2009 The Last of Cheap Gas - 1/23/09
When oil was $147 a barrel in July many were predicting $200 a barrel in the near future. Today at $42 a barrel, it is now predicted by some that we could see $25 a barrel in 2009. Just like $200 a barrel, I don’t think we will see $25 a barrel.
Prices as low as they are now it is welcomed by many consumers and hopefully will help the economy turn around before year’s end. The fact is oil will continue to supply the largest share of the world’s energy for the next several years. Alternatives to petroleum just cannot be put in place that quickly. The US Department of Energy predicts that petroleum will still make up 38 percent of the U.S.’s energy supply in 2015. That percentage is expected to decline slightly as biofuel and alternatives come on board.
Low oil prices may be good for the consumer, but it is bad for producers who stop investments in oil ventures like offshore drilling and the development of biofuel.
Oil prices have fell off a cliff because of the plunge in demand due to the onset of a huge global recession. We most likely will not see $147 a barrel this year, but if demand picks up we could see $80 a barrel by the summer of this year. If things get worse and demand falls more it will be the first time in three decades world consumption would have declined two years in a row. The Department of Energy is predicting a fall in global demand in 2009 by an amazing 450,000 barrels per day.
The oil industry is strapped with excess output and insufficient demand. Even with the OPEC cut in output in December by 2.2 million per day, there has been no increase in the price. This supply and demand imbalance may last until the middle of 2009 or some believe until the beginning of 2010. China’s demand does have a big factor in when prices will rise. Between 2002 and 2007 China accounted for 35 percent of the total increase in world oil consumption. If Chinese demand continues to falter like their economy, oil and gas prices will continue to be depressed.
With oil producers not investing in new production, when demand for oil begins there is most likely going to be a sharp rise in price due to output not meeting demand.
Saudi Arabia has announced delays in four major energy projects due to the slowdown in oil demand. Most of the easy to get oil reserves have now been exhausted and tough to get oil projects are not profitable with oil below $50, so they have been delayed. Oil will need to be back at $80 before these projects get started again.
The run up in oil between 2003 and 2008 was the result of the increase in global demand and the perception of dwindling supply. The imminent arrival of “peak oil” fueled major consuming nations to secure foreign sources of oil as quick as they could. This has recently abated.
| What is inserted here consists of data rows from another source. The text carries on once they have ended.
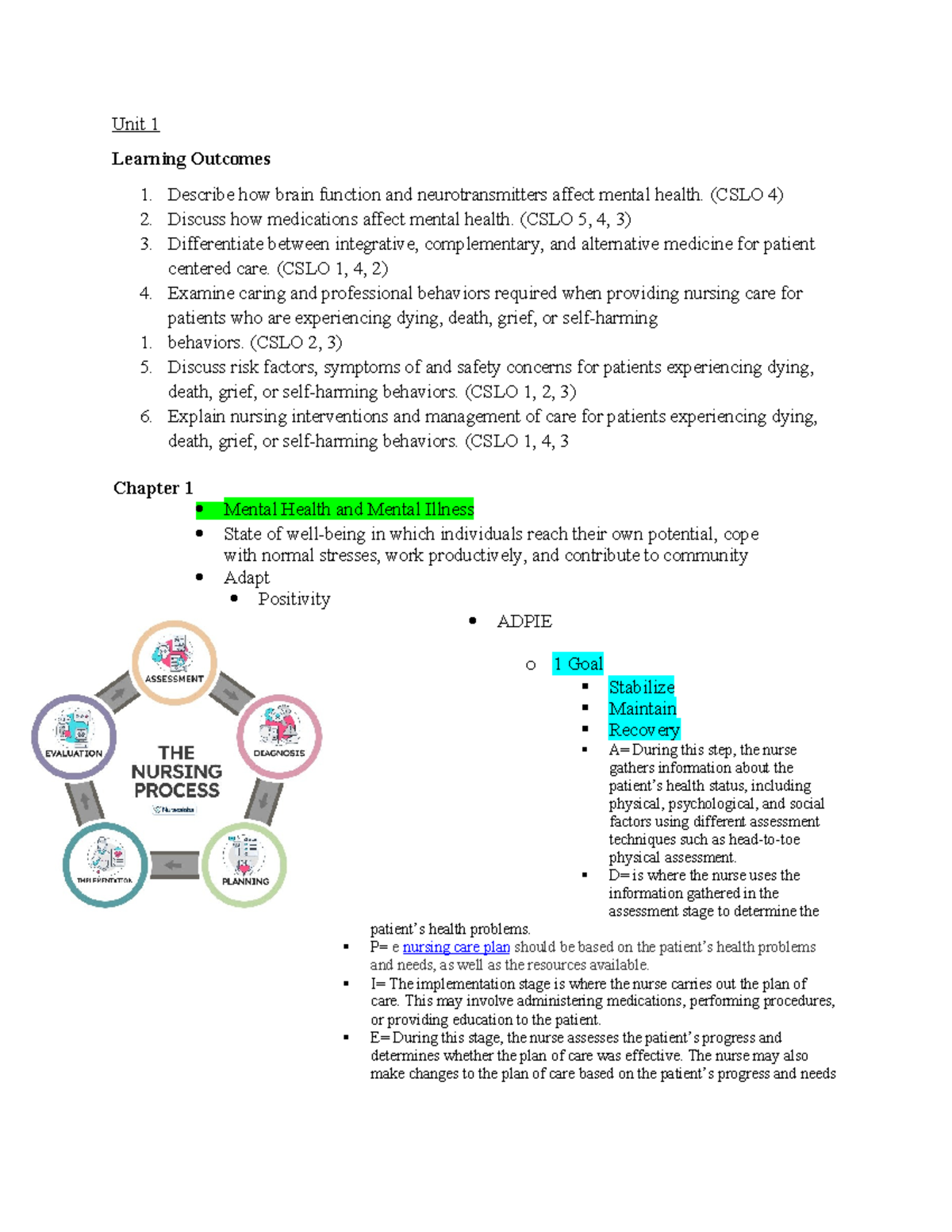 Blueprint for Exams 1 revised Unit 1 Learning 1. Describe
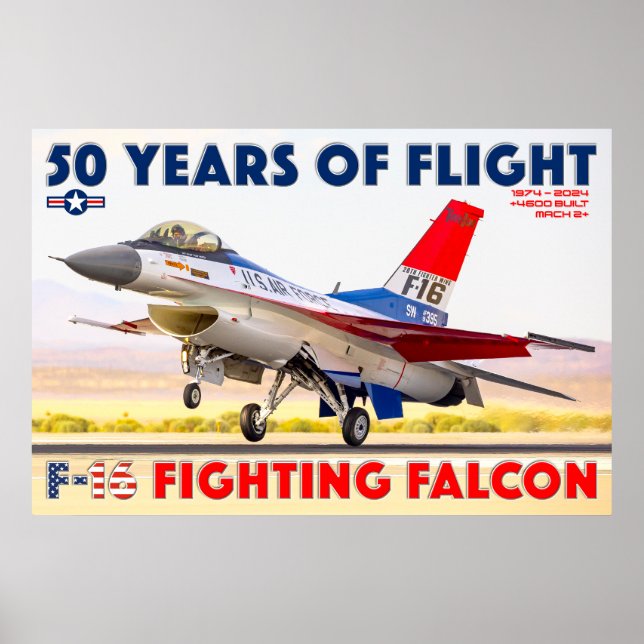 POSTER F-16 COMBATTRE FALCON - 50 ANS ! (Devant)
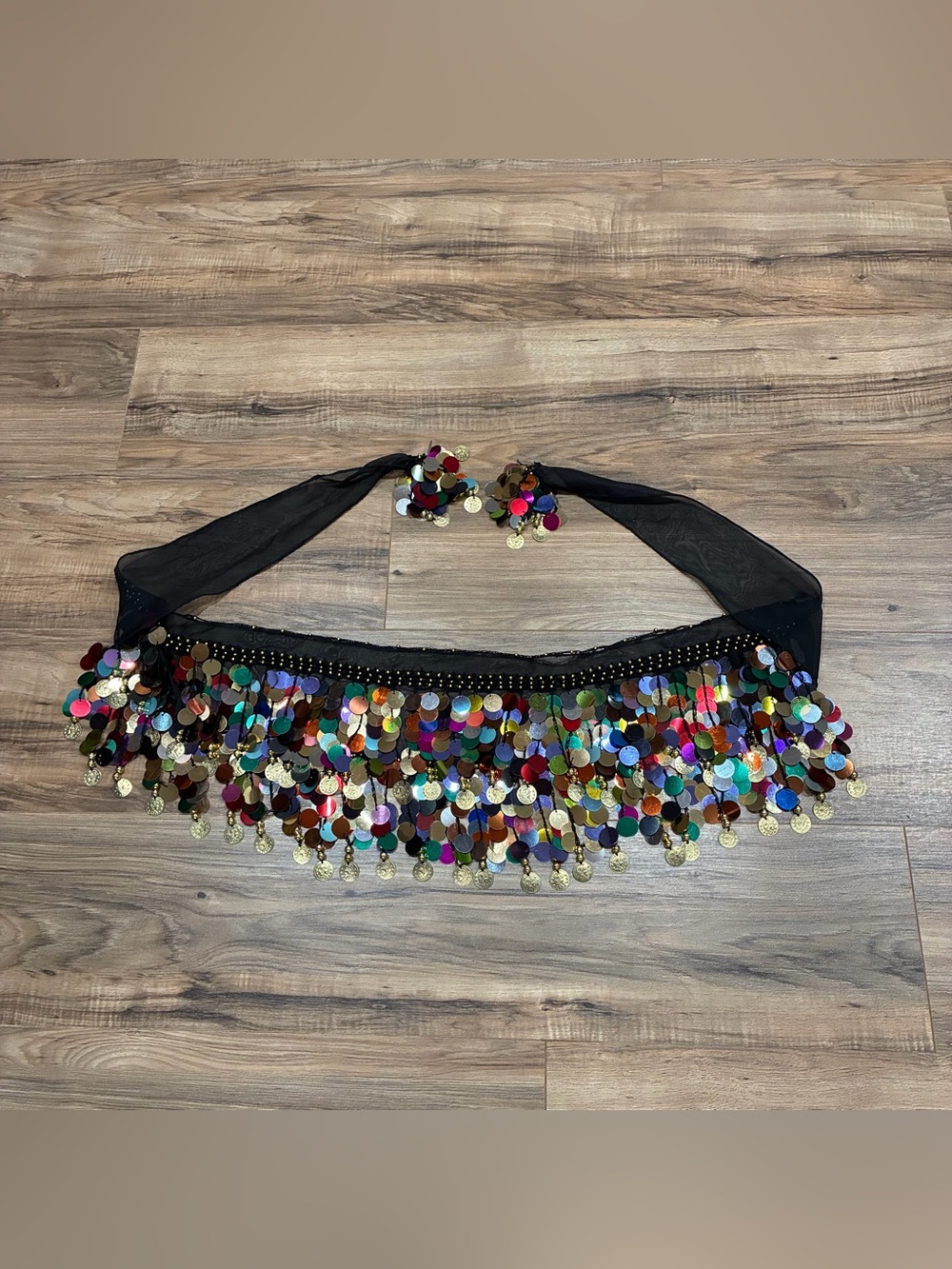 Beaded belly dance coin skirt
The low price of oil will put oil producing countries under extreme pressure. They rely on this income to finance health, education, food and energy subsidies and youth employment. With this income now almost gone it could spark widespread protest in many oil producing countries like Iran, where unemployment and cost of living is on the rise.
With many young men losing their jobs in these countries and the upsurge in the popularity of Islam this could set the stage for a major upsurge in anti-government unrest and violence in these countries and toward the U.S.
Prices will rise again this summer anywhere from $60 to $80 a barrel most likely. When the world recession is over and demand really kicks in inadequate supply will drive prices much higher again. The world is addicted to oil, but through strong leadership we can be on our way toward energy independence.